Short web captions
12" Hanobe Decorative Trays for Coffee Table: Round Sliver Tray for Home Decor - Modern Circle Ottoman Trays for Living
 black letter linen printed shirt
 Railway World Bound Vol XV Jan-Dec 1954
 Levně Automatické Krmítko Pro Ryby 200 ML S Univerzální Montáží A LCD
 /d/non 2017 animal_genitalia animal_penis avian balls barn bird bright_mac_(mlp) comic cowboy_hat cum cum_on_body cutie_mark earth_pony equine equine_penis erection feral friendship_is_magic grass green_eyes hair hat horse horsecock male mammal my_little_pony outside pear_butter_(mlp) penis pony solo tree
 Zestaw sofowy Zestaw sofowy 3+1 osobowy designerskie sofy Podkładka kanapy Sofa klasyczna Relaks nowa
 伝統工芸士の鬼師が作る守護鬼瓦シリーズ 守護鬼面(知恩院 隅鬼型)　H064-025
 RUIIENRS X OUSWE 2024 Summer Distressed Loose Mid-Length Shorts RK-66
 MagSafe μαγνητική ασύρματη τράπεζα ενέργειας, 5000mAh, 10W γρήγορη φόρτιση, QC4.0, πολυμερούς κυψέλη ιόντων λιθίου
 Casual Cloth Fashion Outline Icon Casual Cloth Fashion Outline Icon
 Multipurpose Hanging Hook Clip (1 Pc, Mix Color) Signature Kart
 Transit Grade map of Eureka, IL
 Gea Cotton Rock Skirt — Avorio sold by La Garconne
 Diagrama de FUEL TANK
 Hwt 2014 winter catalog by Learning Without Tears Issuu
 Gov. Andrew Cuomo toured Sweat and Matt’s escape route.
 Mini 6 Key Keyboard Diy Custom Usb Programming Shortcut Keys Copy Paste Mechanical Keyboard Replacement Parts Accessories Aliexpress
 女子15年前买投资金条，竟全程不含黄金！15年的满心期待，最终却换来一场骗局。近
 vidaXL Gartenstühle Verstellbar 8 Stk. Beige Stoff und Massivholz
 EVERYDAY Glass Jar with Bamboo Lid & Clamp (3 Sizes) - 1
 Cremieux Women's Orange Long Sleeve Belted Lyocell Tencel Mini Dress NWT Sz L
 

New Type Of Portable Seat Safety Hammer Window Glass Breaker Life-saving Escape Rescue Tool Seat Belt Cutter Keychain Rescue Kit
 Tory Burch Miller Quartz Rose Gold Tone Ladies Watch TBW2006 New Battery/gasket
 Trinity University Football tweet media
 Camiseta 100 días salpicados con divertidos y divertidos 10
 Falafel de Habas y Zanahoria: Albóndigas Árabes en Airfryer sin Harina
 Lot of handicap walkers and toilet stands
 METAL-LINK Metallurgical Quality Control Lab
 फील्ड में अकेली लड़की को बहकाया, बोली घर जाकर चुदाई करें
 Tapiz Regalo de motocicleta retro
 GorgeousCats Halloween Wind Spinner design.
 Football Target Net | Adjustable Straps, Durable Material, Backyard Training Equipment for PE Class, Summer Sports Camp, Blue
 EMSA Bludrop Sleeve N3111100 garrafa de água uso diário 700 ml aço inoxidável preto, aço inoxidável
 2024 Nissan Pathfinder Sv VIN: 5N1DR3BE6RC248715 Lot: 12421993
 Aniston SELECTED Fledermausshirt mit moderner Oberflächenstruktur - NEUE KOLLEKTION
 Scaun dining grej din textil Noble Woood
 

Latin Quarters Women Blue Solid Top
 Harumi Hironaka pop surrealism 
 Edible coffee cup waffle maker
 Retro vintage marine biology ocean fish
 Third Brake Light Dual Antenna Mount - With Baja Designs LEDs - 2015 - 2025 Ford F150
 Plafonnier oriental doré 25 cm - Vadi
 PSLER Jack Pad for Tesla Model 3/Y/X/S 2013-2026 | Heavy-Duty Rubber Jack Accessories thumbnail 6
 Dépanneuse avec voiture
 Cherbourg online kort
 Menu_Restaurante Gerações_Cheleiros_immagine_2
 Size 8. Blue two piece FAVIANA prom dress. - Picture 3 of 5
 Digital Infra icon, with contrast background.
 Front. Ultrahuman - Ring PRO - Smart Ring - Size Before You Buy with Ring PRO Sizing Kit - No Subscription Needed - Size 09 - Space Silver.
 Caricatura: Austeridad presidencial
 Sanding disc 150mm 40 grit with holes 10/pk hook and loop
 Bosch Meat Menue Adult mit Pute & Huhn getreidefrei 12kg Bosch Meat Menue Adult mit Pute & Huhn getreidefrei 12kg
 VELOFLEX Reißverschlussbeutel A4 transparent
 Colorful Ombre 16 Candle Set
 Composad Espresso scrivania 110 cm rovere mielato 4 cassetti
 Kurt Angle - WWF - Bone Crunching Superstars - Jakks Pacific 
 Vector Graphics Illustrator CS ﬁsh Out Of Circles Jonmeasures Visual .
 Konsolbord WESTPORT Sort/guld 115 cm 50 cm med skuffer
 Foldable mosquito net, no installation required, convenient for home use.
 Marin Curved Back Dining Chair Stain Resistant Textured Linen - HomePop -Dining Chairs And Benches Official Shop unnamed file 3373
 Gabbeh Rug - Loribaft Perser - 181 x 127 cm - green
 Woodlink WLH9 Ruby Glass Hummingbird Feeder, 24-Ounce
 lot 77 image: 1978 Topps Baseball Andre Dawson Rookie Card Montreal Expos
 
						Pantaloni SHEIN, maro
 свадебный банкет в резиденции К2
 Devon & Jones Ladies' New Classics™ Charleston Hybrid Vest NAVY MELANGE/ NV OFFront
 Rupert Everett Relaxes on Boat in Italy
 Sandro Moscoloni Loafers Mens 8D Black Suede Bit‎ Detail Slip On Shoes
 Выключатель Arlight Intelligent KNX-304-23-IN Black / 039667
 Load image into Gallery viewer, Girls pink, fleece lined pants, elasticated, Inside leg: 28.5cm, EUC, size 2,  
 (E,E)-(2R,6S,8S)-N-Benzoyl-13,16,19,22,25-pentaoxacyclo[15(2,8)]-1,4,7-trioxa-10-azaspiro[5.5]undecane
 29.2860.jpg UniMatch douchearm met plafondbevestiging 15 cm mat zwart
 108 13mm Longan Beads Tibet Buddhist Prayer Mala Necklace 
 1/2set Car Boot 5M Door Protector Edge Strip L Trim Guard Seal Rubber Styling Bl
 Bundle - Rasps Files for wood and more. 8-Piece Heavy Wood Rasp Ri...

Aim of the exercise
Look over the records above and say, with no extra words, how many lines include "Blue".

Response to this task
3